(DATA Opens)

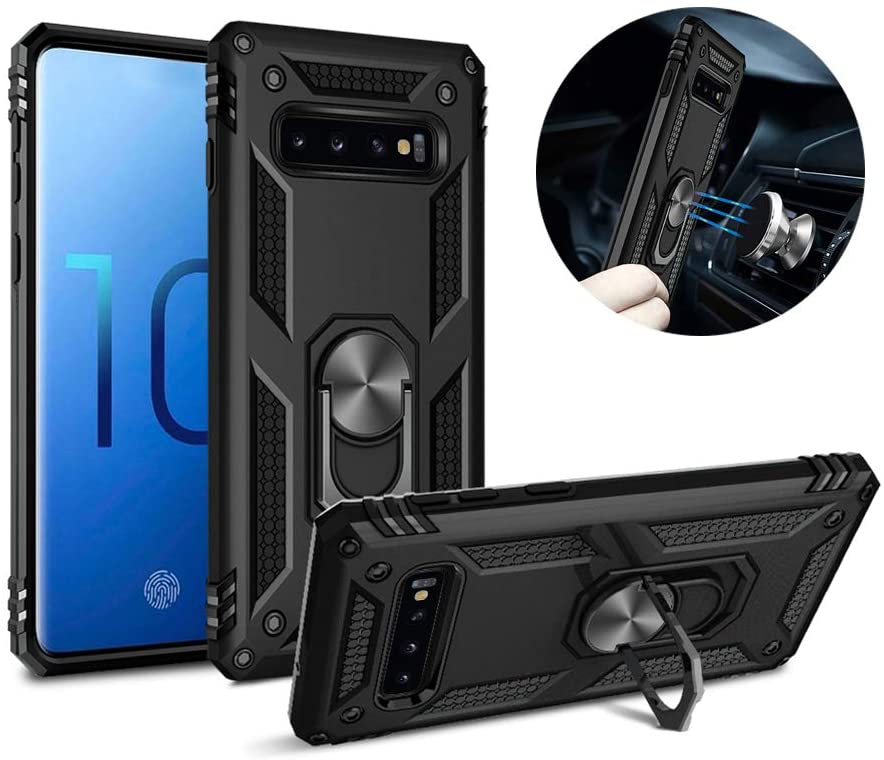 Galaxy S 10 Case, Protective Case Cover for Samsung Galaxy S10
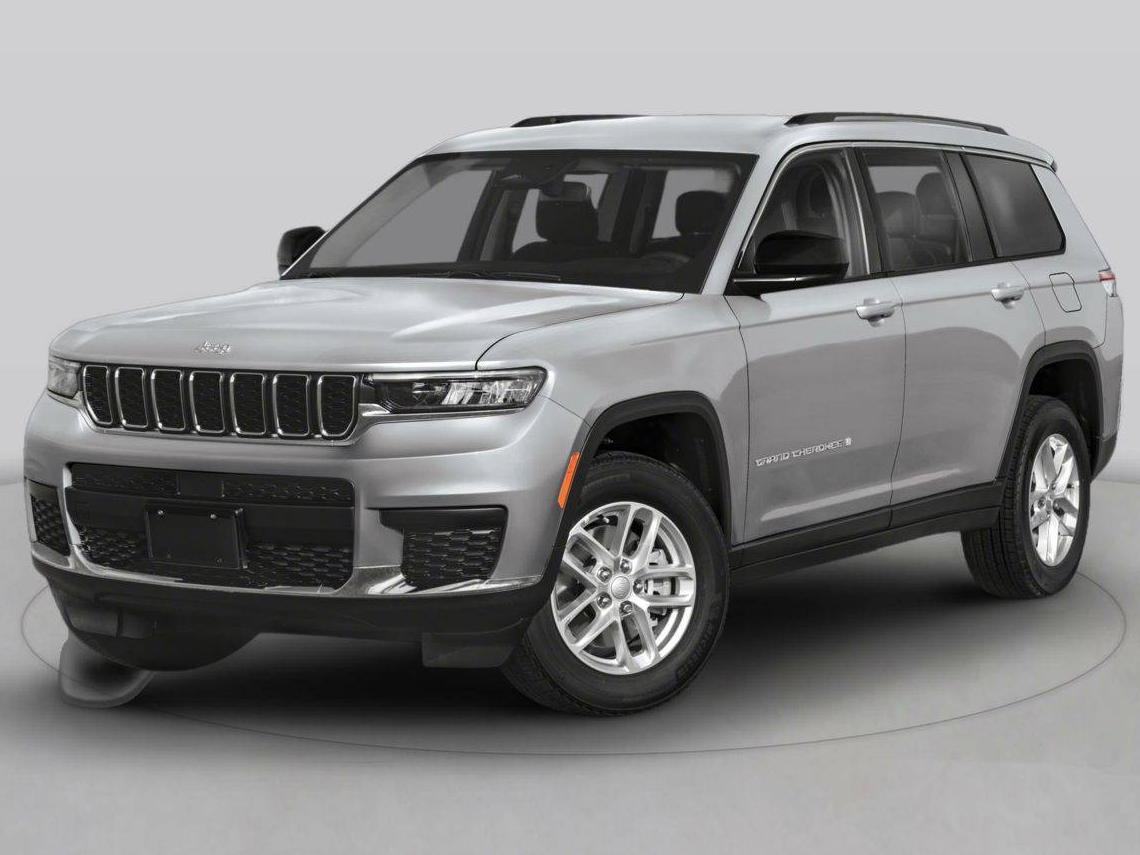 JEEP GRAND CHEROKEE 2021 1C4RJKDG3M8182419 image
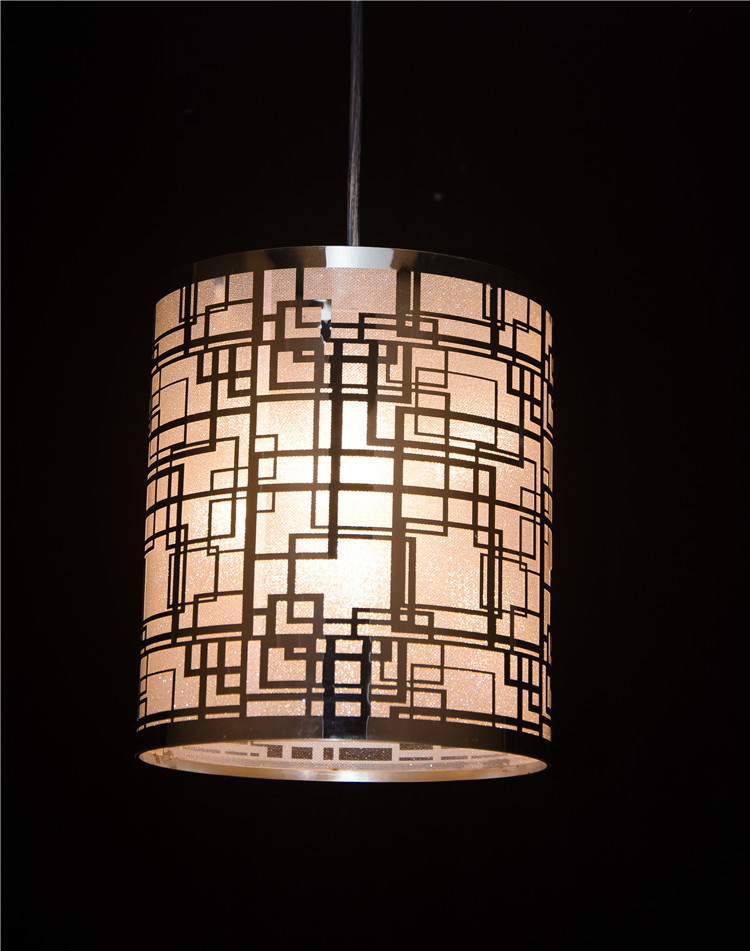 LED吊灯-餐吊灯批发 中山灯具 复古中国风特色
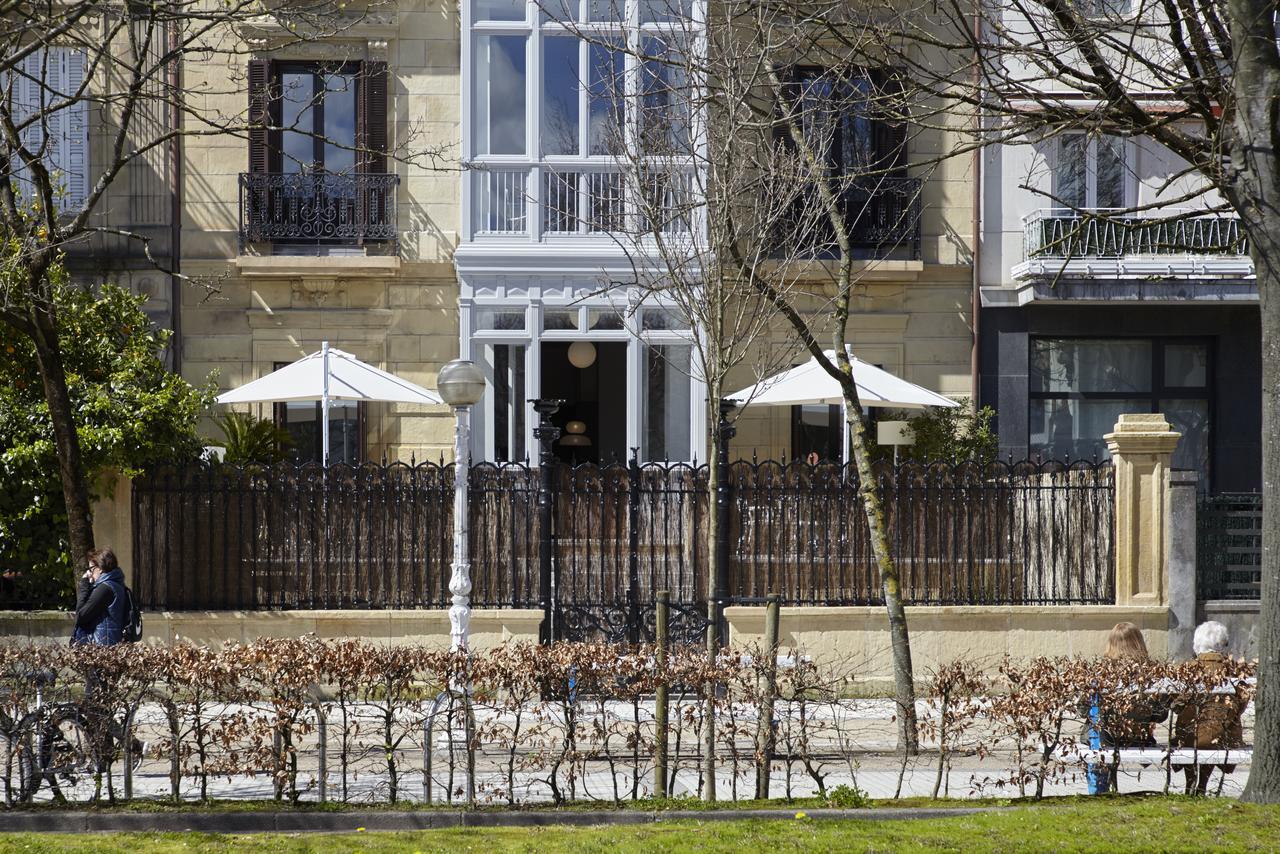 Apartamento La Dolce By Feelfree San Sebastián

(DATA Closes)

**WHAT TO PRODUCE**
Write out the material above exactly, and omit the pictures it holds.

**ANSWER FOR THE TASK**
 Galaxy S 10 Case, Protective Case Cover for Samsung Galaxy S10
 JEEP GRAND CHEROKEE 2021 1C4RJKDG3M8182419 image
 LED吊灯-餐吊灯批发 中山灯具 复古中国风特色
 Apartamento La Dolce By Feelfree San Sebastián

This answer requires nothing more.